Ces expériences, bien organisées grâce à des partenariats entre parents et ministres pastoraux, seront elles-mêmes des expériences d’Église pour tous les participants. Entrepris dans des contextes où « deux ou trois sont réunis en mon nom », ils contribueront à la fois à la culture familiale et paroissiale, et offriront en outre de riches opportunités de relations entre des familles et des paroisses d’origines très différentes. Les possibilités sont infinies.

Avec le temps, nous espérons que des modèles élargis de formation empilée contribueront à la croissance des jeunes catholiques, car ils discernent que l’Église est le lieu qui leur offre des opportunités qui répondent aux désirs profonds de leur cœur de socialisation, de formation de relations, de discernement de sens, de rencontre sacramentelle, d’approfondissement de la foi et d’engagement à vivre de manière juste.


[1] Découvrez le travail de Christian Smith et de ses collègues, qui ont interrogé de jeunes adultes pendant des décennies. Un exemple récent est Christian Smith, Bridget Ritz et Michael Rotolo, Parentalité Religieuse: Transmettre la Foi et les Valeurs dans l’Amérique contemporaine (Princeton, 2019).

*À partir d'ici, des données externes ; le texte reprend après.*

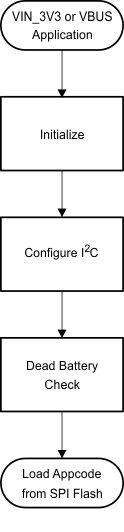 GUID-CF1081C3-3EB6-479D-AA47-61C7DDCD2E2D-low.gif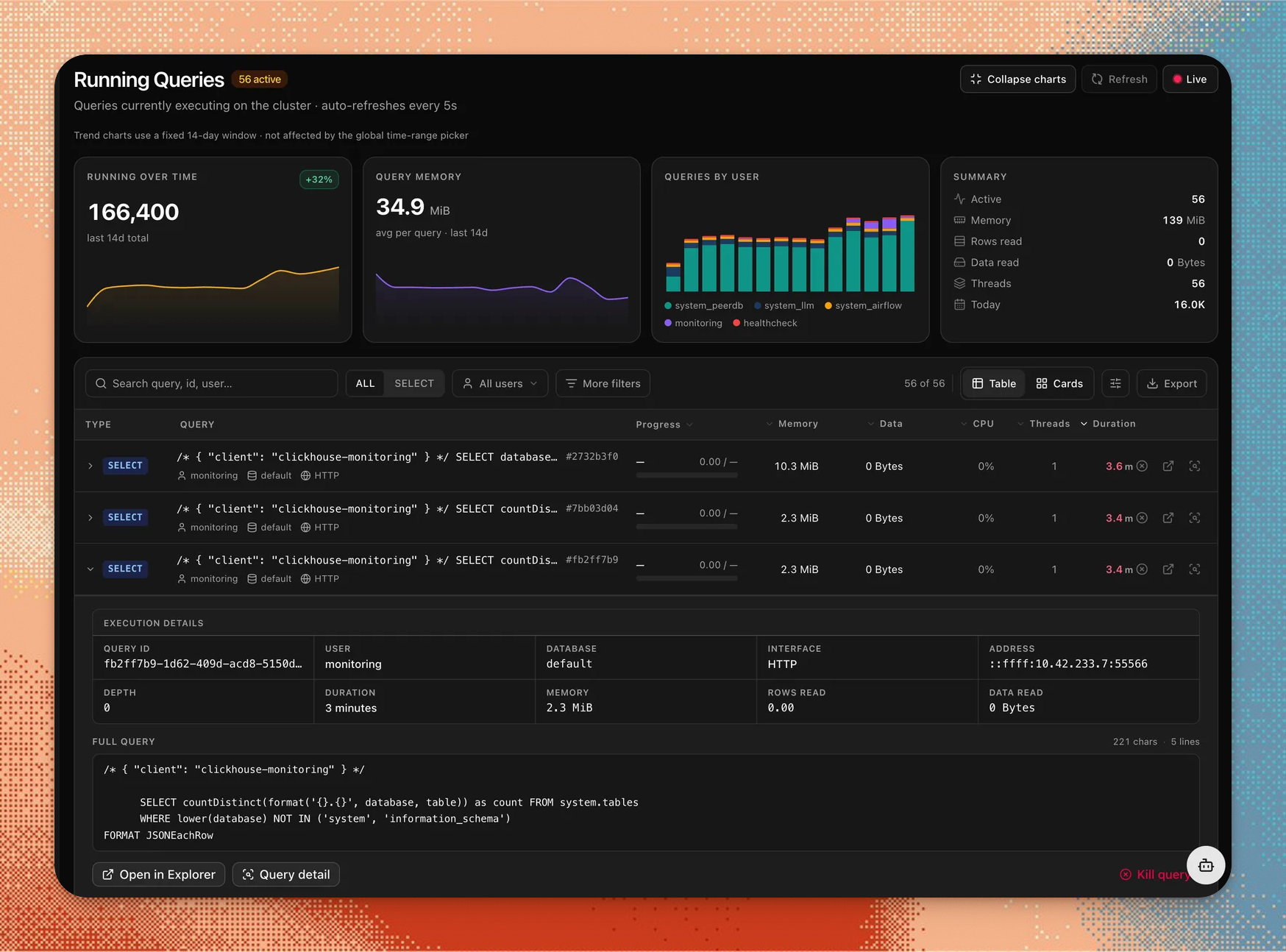 Running queries with live charts and sortable table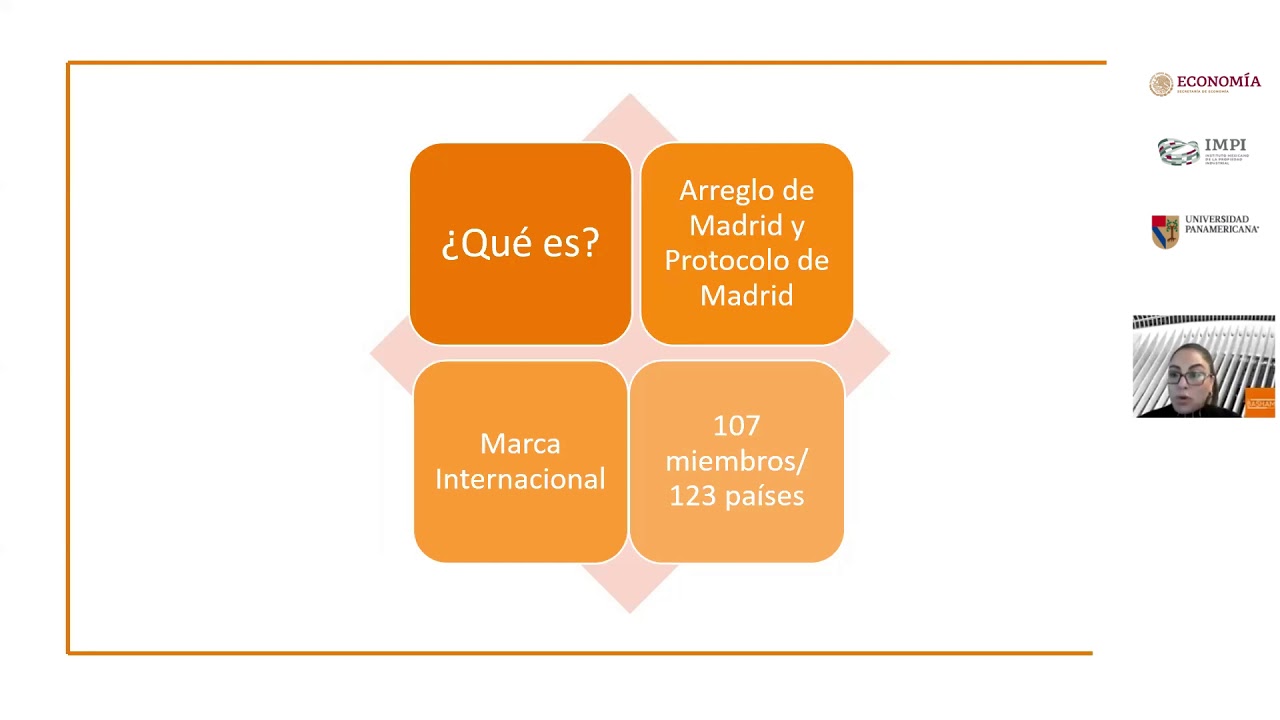 Sesión 5: Registro internacional de marcas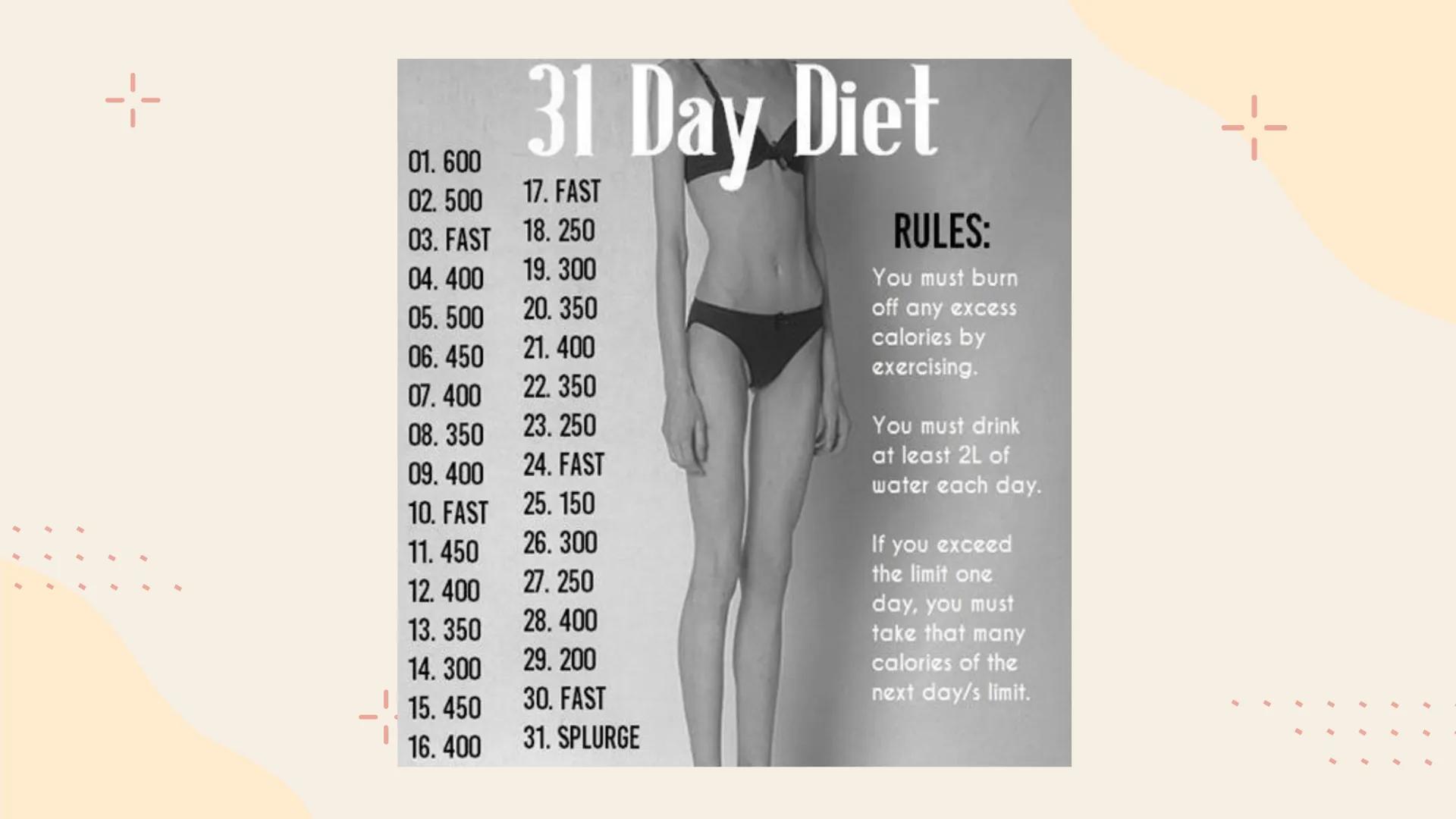 Anorexie
Auf Social Media
+- 1-
01
Anorexia nervosa
04
Wer ist Ana?
Gliederung
02
Die Rolle der
Sozialen Medien
05
Quellen
03
Folgen der
Ein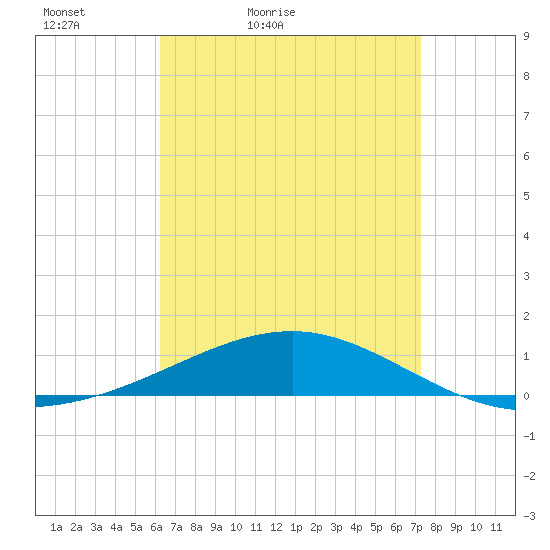 Navarre Beach tide chart for Sunday, April 18, 2021
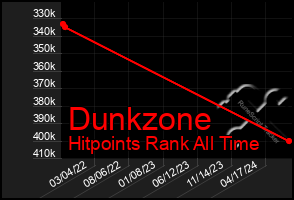 Total Graph of Dunkzone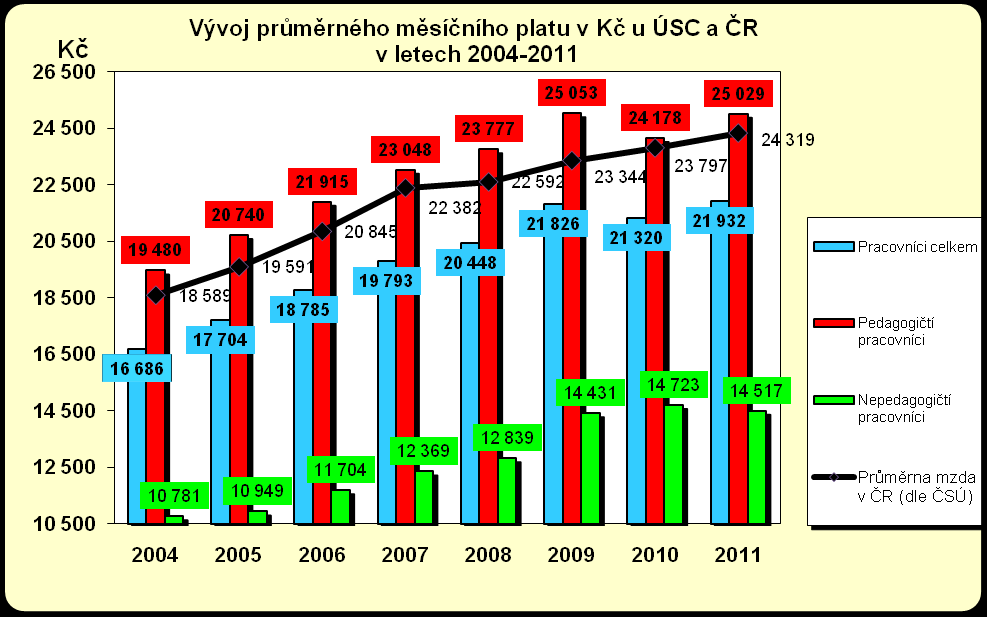 Graf 14 RgŠ územních samosprávných celků Přepočtený Průměrný % nenárokových % nenárokových počet měs.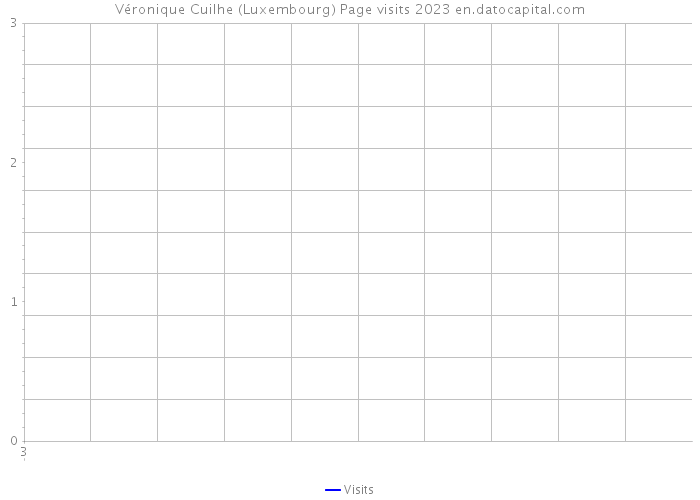 Véronique Cuilhe (Luxembourg) Page visits 2023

[2] “L’augmentation de la proportion d’Américains religieusement non affiliés s’est produite dans tous les groupes d’âge, mais a été plus prononcée chez les jeunes Américains. En 1986, seulement 10 % des personnes âgées de 18 à 29 ans s’identifiaient comme non affiliées sur le plan religieux. En , ce nombre était passé à 38 %, et a légèrement diminué en 2020, à 36 %.”

[4] Robert J. McCarty et John M. Vitek, Going, Going, Gone : La dynamique de désaffiliation chez les Jeunes Catholiques (Sainte-Marie, 2018).

[5] Institut de recherche Springtide.

[6] Plusieurs enquêtes indiquent qu’environ un tiers des catholiques assistent à la messe chaque semaine, notamment Pew et Gallup.

[7] Institut de recherche Springtide.

[8] Voir, par exemple, Jean 6:60-66.

[10] Voir, par exemple, le Catéchisme de l’Église catholique 150: « La foi est d’abord une adhésion personnelle de l’homme à Dieu. En même temps, et de manière indissociable, c’est un libre assentiment à toute la vérité que Dieu a révélée. » Cf. Dignitatis Humanae DH 10: « la réponse de l’homme à Dieu par la foi doit être libre, et… par conséquent, personne ne doit être forcé d’embrasser la foi contre sa volonté. L’acte de foi est de par sa nature même un acte libre. » Voir aussi le Code de Droit Canonique 748 § 2, « Personne n’est jamais autorisé à contraindre des personnes à embrasser la foi catholique contre leur conscience.”

[11] Voir Mt 13:33; Luc 13:21. Je m’appuie ici sur l’essai de Walter Ong, « Levain: Une parabole pour l’enseignement supérieur catholique » dans Amérique, 7 avril 1990.

[13] Par liturgie, nous entendons ici le mot dans son sens le plus complet: non seulement le culte communautaire (en particulier l’Eucharistie), mais plus largement “l’œuvre du peuple” par laquelle Dieu bâtit le royaume sur la Terre.

[14] Catéchisme de l’Église catholique 2041–2043.